**WHAT YOU ARE ASKED TO DO:**
Find each line below where the word "Photos" occurs, and copy it.

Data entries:
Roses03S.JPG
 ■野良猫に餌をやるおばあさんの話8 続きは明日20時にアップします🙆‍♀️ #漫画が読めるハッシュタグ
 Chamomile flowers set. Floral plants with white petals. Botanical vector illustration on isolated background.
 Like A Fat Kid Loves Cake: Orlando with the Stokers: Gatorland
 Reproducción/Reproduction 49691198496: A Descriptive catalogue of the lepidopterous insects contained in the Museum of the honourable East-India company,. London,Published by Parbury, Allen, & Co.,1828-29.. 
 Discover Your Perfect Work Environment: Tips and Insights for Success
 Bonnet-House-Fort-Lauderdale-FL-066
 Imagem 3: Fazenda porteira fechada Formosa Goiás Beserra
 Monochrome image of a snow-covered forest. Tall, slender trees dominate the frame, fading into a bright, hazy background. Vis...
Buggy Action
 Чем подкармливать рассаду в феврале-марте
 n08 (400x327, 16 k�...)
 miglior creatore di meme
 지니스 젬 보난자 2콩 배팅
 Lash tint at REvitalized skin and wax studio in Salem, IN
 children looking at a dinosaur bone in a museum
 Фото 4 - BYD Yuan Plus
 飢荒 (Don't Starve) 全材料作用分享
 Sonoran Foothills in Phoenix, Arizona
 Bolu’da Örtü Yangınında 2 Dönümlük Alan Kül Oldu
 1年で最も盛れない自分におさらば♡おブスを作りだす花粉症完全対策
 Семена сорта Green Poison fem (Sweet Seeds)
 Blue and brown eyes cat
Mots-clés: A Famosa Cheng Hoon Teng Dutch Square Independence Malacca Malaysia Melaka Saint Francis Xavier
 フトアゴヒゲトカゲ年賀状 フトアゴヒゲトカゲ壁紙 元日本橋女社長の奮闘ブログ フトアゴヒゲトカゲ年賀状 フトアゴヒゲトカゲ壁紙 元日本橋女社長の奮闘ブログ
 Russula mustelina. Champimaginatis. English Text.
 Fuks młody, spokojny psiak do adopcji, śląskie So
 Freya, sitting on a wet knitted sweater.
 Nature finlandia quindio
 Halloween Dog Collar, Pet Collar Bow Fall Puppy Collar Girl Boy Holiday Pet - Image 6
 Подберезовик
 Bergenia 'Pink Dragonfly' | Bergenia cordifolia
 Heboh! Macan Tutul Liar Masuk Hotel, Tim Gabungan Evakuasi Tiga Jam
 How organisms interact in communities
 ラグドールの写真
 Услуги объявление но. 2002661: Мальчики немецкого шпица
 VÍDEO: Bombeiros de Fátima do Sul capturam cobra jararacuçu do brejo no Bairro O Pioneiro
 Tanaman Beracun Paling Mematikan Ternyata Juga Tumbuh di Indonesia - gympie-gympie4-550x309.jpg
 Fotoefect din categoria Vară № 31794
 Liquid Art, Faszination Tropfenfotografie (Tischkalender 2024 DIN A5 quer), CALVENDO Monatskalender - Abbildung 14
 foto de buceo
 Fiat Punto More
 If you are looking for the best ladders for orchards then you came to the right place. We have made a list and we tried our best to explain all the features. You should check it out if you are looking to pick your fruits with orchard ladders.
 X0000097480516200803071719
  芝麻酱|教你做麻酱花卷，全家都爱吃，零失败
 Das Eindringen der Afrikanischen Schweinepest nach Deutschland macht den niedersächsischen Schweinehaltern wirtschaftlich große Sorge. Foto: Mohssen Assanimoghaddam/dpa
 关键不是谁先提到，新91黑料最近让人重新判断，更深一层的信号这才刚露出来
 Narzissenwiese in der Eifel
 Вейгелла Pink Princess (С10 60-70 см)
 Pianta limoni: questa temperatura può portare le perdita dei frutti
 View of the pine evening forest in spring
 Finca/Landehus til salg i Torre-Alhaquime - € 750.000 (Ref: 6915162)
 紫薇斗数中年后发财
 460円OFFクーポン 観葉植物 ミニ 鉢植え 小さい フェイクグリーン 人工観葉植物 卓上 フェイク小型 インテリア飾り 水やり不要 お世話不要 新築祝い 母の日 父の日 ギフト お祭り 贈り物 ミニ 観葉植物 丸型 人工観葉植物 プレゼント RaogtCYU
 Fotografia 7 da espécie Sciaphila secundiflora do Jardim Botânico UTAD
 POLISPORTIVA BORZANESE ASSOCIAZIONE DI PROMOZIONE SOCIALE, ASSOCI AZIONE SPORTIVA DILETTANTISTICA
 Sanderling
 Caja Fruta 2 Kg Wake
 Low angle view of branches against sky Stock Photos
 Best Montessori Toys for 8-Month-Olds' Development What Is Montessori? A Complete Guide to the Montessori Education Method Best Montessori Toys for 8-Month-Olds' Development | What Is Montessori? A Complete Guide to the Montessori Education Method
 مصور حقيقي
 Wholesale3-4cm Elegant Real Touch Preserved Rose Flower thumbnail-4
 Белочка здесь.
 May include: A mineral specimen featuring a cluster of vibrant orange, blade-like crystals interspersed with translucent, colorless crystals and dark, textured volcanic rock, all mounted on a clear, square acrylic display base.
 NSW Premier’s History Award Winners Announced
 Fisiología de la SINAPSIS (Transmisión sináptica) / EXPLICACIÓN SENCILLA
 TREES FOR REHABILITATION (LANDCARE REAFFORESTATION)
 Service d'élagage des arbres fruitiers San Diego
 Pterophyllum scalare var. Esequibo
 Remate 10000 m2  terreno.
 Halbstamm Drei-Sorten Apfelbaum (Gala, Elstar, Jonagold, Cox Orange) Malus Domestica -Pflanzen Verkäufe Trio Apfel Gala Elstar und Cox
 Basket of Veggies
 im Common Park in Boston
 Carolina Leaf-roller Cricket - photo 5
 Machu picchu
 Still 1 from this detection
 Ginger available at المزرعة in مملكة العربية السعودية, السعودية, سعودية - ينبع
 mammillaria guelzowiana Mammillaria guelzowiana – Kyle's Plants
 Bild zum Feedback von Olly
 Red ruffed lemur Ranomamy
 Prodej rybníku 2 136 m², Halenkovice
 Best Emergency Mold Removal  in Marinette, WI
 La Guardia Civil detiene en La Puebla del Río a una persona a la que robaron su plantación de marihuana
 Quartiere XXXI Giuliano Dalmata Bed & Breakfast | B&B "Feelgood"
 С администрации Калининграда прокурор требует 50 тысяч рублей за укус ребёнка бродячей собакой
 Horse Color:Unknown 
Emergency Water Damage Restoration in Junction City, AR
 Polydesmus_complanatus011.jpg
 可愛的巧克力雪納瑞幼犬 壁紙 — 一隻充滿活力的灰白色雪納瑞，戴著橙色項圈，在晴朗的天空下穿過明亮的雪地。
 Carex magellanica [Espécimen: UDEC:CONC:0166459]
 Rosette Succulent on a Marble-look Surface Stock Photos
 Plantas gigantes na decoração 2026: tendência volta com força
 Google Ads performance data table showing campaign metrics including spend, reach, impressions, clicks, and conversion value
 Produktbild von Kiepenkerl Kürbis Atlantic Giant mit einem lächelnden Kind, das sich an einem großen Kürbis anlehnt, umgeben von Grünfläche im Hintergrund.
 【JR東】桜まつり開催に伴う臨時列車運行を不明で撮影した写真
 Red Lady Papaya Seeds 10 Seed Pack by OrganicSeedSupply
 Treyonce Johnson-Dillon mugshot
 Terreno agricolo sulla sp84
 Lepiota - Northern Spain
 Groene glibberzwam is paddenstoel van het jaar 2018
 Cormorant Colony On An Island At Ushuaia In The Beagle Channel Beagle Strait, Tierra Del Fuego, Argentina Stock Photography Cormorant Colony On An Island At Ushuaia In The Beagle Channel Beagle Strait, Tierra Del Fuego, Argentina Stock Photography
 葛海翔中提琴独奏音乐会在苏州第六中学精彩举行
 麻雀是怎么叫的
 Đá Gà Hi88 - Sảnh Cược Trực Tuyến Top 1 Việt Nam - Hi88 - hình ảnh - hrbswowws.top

**ANSWER TO THE PROBLEM:**
 Low angle view of branches against sky Stock Photos
 Rosette Succulent on a Marble-look Surface Stock Photos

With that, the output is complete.